I'm trying to import csv files from S3 using spark-shell (val df=spark.read.csv("s3a://xxxxxx") ) the spark-shell client is connected to a remote yarn cluster. It failed with java.lang.VerifyError, however, when I launch spark-shell from the same machine of yarn resourcemanager, it works fine.
Here is the error code :
java.lang.VerifyError: Bad type on operand stack
Exception Details:
Location:
org/apache/hadoop/fs/s3a/S3AFileSystem.s3GetFileStatus(Lorg/apache/hadoop/fs/Path;Ljava/lang/String;Ljava/util/Set;)Lorg/apache/hadoop/fs/s3a/S3AFileStatus; @274: invokestatic
Reason:
Type 'com/amazonaws/AmazonServiceException' (current frame, stack[2]) is not assignable to 'com/amazonaws/SdkBaseException'
Current Frame:
bci: @274
flags: { }
locals: { 'org/apache/hadoop/fs/s3a/S3AFileSystem', 'org/apache/hadoop/fs/Path', 'java/lang/String', 'java/util/Set', 'java/lang/String', 'com/amazonaws/AmazonServiceException' }
stack: { 'java/lang/String', 'java/lang/String', 'com/amazonaws/AmazonServiceException' }
spark.master yarn
spark.hadoop.fs.s3a.server-side-encryption-algorithm SSE-KMS
spark.hadoop.fs.s3a.server-side-encryption.key xxxxxxxxxxxxxxxxxxxxxxxxxxx
spark.hadoop.fs.s3a.enableServerSideEncryption true
com.amazonaws.services.s3.enableV4 true
spark.hadoop.fs.s3a.impl org.apache.hadoop.fs.s3a.S3AFileSystem
spark.blockManager.port 20020
spark.driver.port 20020
spark.master.ui.port 4048
spark.ui.port 4041
spark.port.maxRetries 100
spark.yarn.jars hdfs://hdfs-master:4040/spark/jars/*
spark.driver.extraJavaOptions=-Dlog4j.configuration=/usr/local/spark/conf/log4j.properties
spark.executor.extraJavaOptions=-Dlog4j.configuration=/usr/local/spark/conf/log4j.properties
spark.eventLog.enabled true
spark.eventLog.dir hdfs://hdfs-master:4040/spark-logs
spark.yarn.app.container.log.dir /home/aws_install/hadoop/logdir
hadoop_add_to_classpath_tools hadoop-aws
Any idea what's the root of the problem ?

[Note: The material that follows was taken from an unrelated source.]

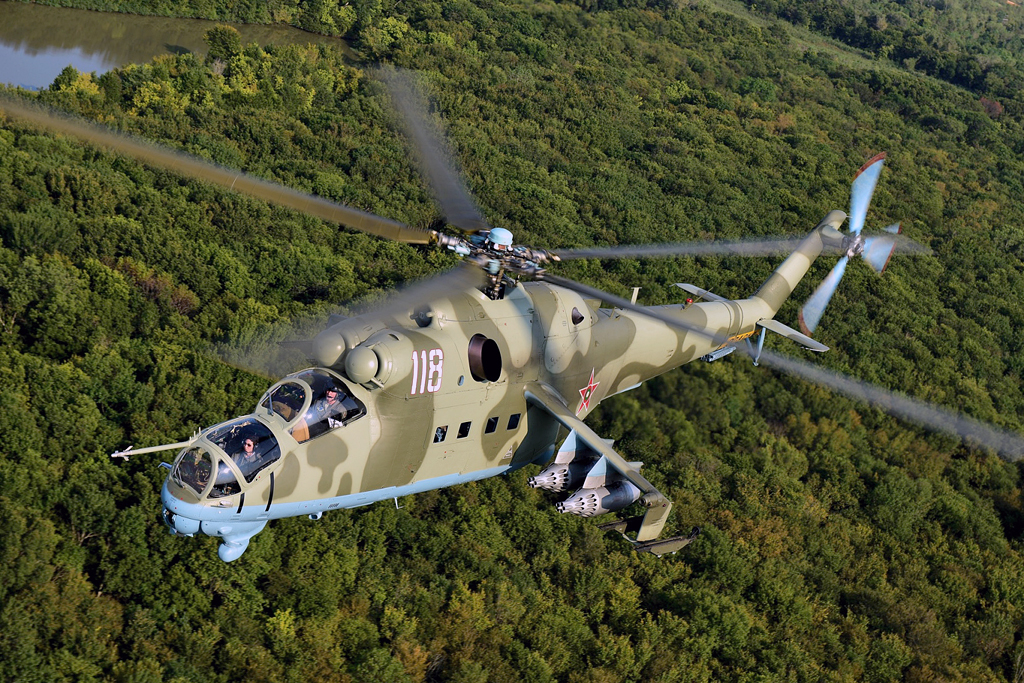 Mi-24D   N118NX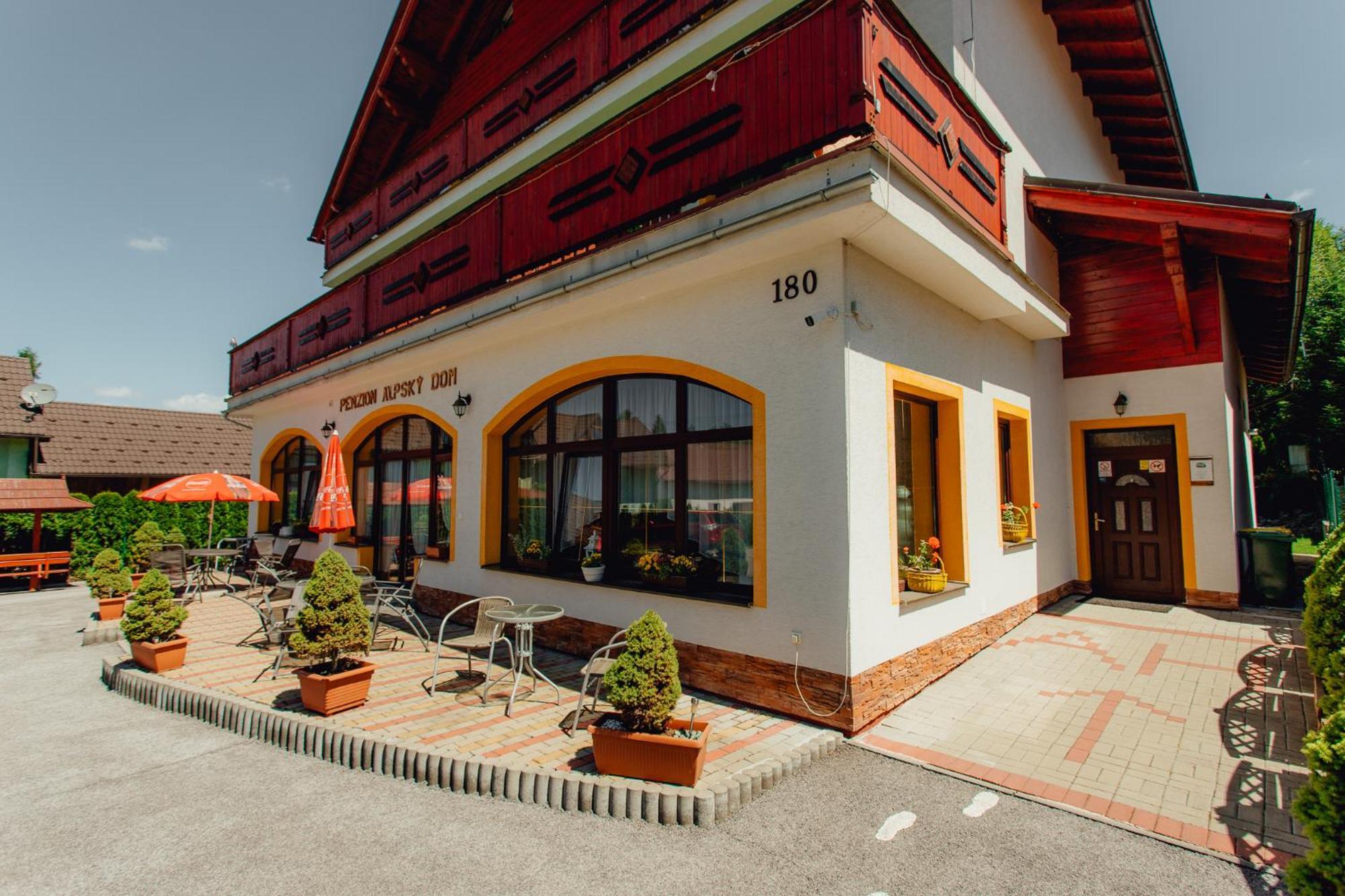 Penzion Alpsky Dom Vitanova Ngoại thất bức ảnh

hints of classpath problems.
One problem with that hadooprc change is that it only changes your local environment, not those in the rest of the cluster. But the fact you got as far as org/apache/hadoop/fs/s3a/S3AFileSystem.s3GetFileStatus
implies that the S3A jar is being loaded -but the JVM itself is having problems
Possibly there is two copies of the AWS SDK on the classpath, and so its saying that the AmazonServiceException
just raised isn't a subclass of SdkBaseException
because of the mixed JARs.